=== Begin Enclosure ===

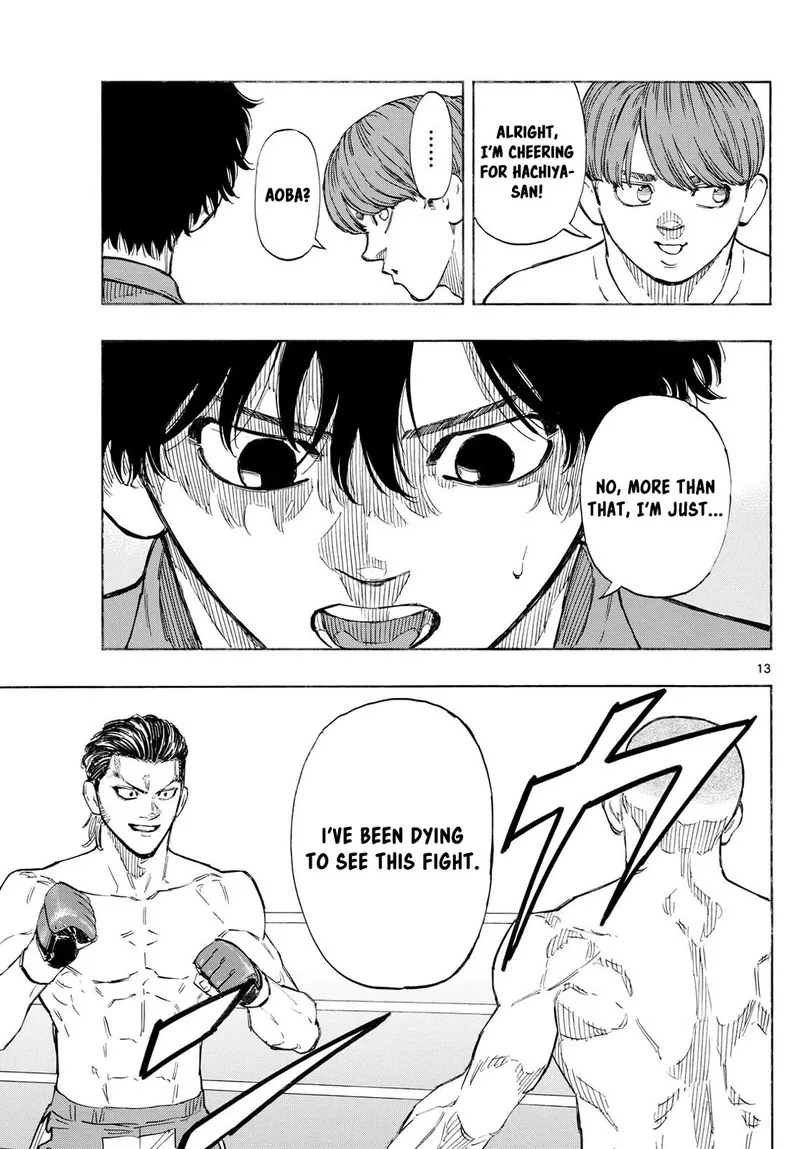 Read Red Blue EN Manga Online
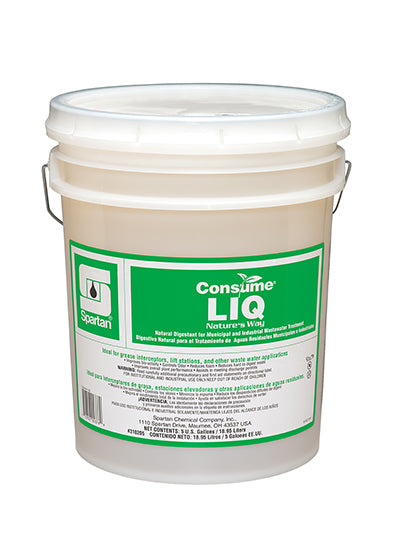 CONSUME LIQ 5 GAL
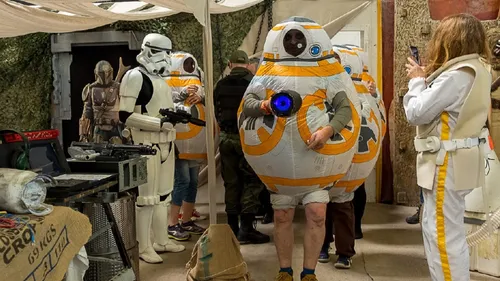 Angers Geekfest : les années 90 à l’honneur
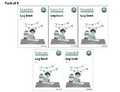 Cover: Essential Spelling and Word Knowledge: Year 6: Year 6 Log Book Pack of 5 - Oxford University Press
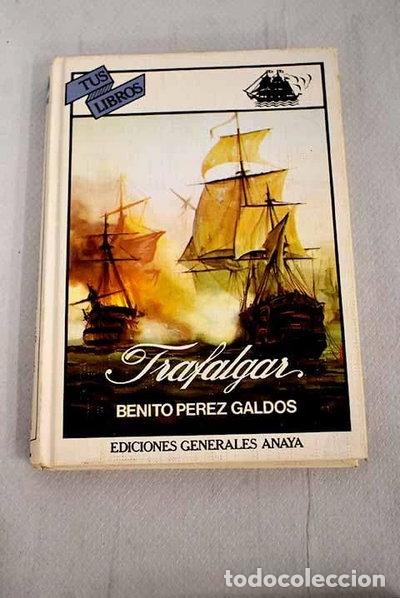 Libros: Trafalgar- 9788475251431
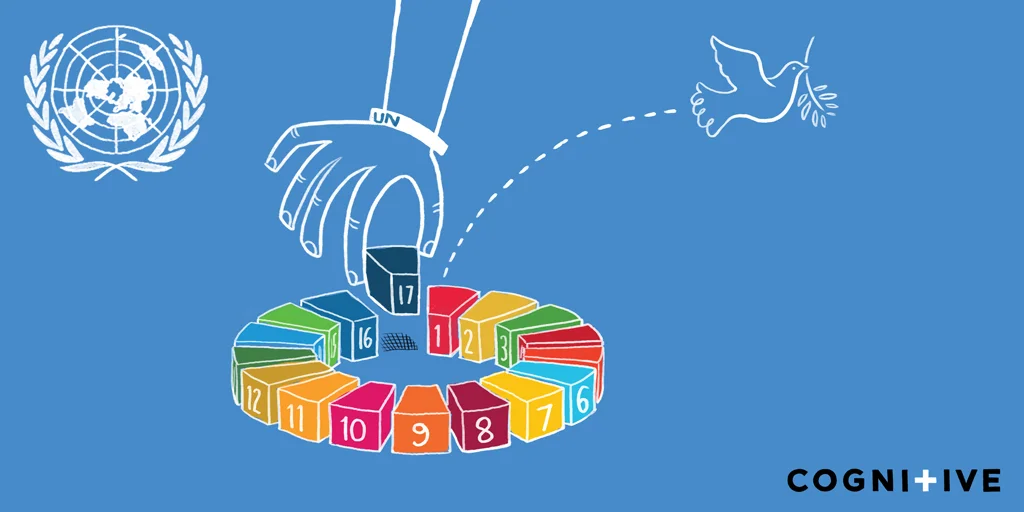 There are 17 Global Sustainable Development Goals set by the United Nations in 2015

=== End Enclosure ===

Write out verbatim the lines from the one containing "Angers Geekfest : les années 90 à l’honneur" through the last line of the listing above, and no other lines; omit pictures.

 Angers Geekfest : les années 90 à l’honneur
 Cover: Essential Spelling and Word Knowledge: Year 6: Year 6 Log Book Pack of 5 - Oxford University Press
 Libros: Trafalgar- 9788475251431
 There are 17 Global Sustainable Development Goals set by the United Nations in 2015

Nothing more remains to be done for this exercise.